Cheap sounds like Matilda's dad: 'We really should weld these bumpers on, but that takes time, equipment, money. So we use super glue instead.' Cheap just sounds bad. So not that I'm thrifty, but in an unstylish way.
========================================================================
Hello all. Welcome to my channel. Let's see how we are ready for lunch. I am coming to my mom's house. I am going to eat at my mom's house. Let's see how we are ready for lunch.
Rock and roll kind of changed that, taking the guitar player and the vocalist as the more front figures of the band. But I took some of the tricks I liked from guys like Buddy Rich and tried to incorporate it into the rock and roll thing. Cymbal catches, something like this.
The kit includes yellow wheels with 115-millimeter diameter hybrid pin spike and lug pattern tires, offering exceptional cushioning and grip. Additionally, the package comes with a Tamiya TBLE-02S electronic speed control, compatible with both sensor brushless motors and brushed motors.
========================================================================
» TASK ITEM: All lines in the records with the string "that" should be copied out.

» YOUR SOLUTION:
Cheap sounds like Matilda's dad: 'We really should weld these bumpers on, but that takes time, equipment, money. So we use super glue instead.' Cheap just sounds bad. So not that I'm thrifty, but in an unstylish way.
Rock and roll kind of changed that, taking the guitar player and the vocalist as the more front figures of the band. But I took some of the tricks I liked from guys like Buddy Rich and tried to incorporate it into the rock and roll thing. Cymbal catches, something like this.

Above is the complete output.